Informatiedeling kan levens redden

In Column, Nieuws by

Het wordt tijd om het hiaat tussen privacy- en burgerbescherming te dichten

Door: Jos Kuppens

Vrijdag 22 januari 2021 werd bekend dat de Sudanese statushouder Ayoub Y. tbs met dwangverpleging heeft gekregen voor het doodsteken van de 18-jarige Rik van de Rakt, vorig jaar in Oss. De rechtbank oordeelde dat de man volledig ontoerekeningsvatbaar was en in een psychose verkeerde.

Fouten

Het wrange is, dat uit een onderzoek naar de steekpartij blijkt dat instanties die betrokken waren bij de begeleiding en huisvesting van de verdachte fouten hebben gemaakt. Zo werd informatie niet goed gedeeld en werkten instanties niet goed samen. De voor de begeleiding verantwoordelijke gemeente had volgens het onderzoek te weinig informatie om een goede inschatting te maken wat er aan hulpverlening en huisvesting nodig was voor deze man. De privacyregels vormden het obstakel, waardoor er geen inzage in het medisch dossier was en de gemeente ook verstoken bleef van informatie vanuit het Centraal Orgaan opvang asielzoekers (COA) en het betreffende asielzoekerscentrum.

Onderzoek van Bureau Beke

Vorig jaar heeft Bureau Beke een onderzoek naar de in- en doorstroom van nieuwkomers (asielzoekers en statushouders) in Nederland afgerond.
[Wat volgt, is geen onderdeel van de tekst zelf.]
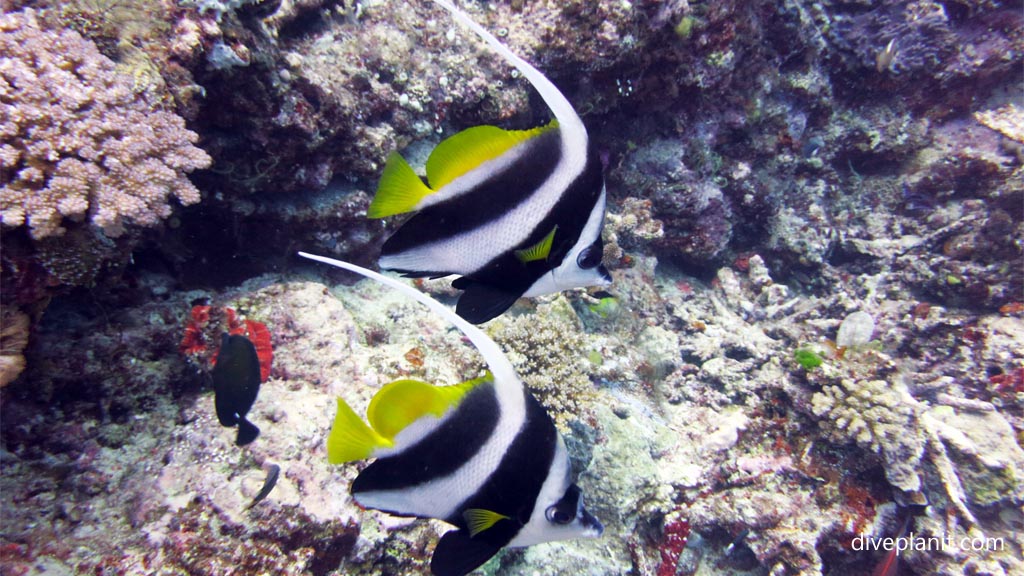 Bannerfish pair apart at Great White Wall diving Taveuni in the Fiji Islands by Diveplanit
Ook uit dat onderzoek blijkt dat er het nodige misgaat in de communicatie tussen het COA, de gemeenten waar een statushouder gehuisvest wordt en de politie. In het onderzoek worden onder andere de volgende aandachtspunten genoemd:

  • De politie en gemeenten missen soms de juiste kennis en handvatten, met name over specifieke asielgroepen.
  • Vanwege de nieuwe privacywetgeving vindt in het algemeen geen of onvoldoende informatie-uitwisseling plaats tussen de politie en het COA, hetgeen het werk van de politie bemoeilijkt.
COA teruggefloten

Juist in dezelfde week van de veroordeling van Ayoub Y. bleek dat COA onrechtmatig gegevens deelde met de politie. Het ging om persoonlijke gegevens van honderdduizenden asielzoekers over godsdienst, etniciteit, naam, leeftijd en land van herkomst. Juristen hadden aangegeven dat het delen van dergelijke gegevens in strijd is met de privacywet en kan bijdragen aan de criminalisering van een groep onschuldige asielzoekers.

Precair evenwicht

Al jaren is sprake van een dilemma: in hoeverre wordt informatie gedeeld over mogelijk overlastgevende personen die een gevaar voor zichzelf kunnen zijn, maar ook voor burgers. De casus van Ayoub Y. staat niet op zichzelf; in meerdere onderzoeken van Bureau Beke naar overlast en verwarde personen geven respondenten aan dat er sprake is van het zoeken naar een precair evenwicht. Het gaat dan om een keus tussen het beschermen van de burger versus het beschermen van de privacy van een potentiële overlastgever. De discussie hierover is alleen nog niet beslecht, maar wordt versterkt door nog strengere privacywetgeving.

Denken in mogelijkheden

Een korte uitvraag onder medewerkers in de GGZ en de forensische zorg leert dat er misschien mogelijkheden zijn om tegemoet te komen aan beide visies. Dit zou kunnen door informatie te delen over het gedrag van personen, op grond van een gevalideerd meetinstrument. Zo meet een item in de zogenaamde Health of the Nation Outcome Scales (HoNOS) hyperactief, agressief, destructief of geagiteerd gedrag, ongeacht de oorzaak (drugs, alcohol, dementie, psychose, depressie, et cetera). Dit resulteert in een uitkomst op een vijfpuntsschaal van 0 (‘geen problemen van deze aard gedurende de afgelopen periode’) tot en met 4 (‘minstens één ernstige fysieke aanval op mens of dier; vernielen van eigendommen; ernstige intimidatie of aanstootgevend gedrag’).

Het delen van een bepaalde score zou dan kunnen leiden tot aanvullende acties of alertheid. Dit vereist mogelijk ook een meer reële blik van instanties om verwarde personen niet alleen te zien als personen die hulp nodig hebben, maar ook als personen die bij een onwetende burger schade kunnen berokkenen.

In ieder geval zou het de moeite waard zijn om met een aantal partijen om de tafel te gaan zitten en te bekijken welke mogelijkheden er voor de toekomst zijn, zonder op voorhand te denken in privacyrechtelijke restricties. Mogelijk kunnen dergelijke dodelijke incidenten op deze manier in de toekomst voorkomen worden.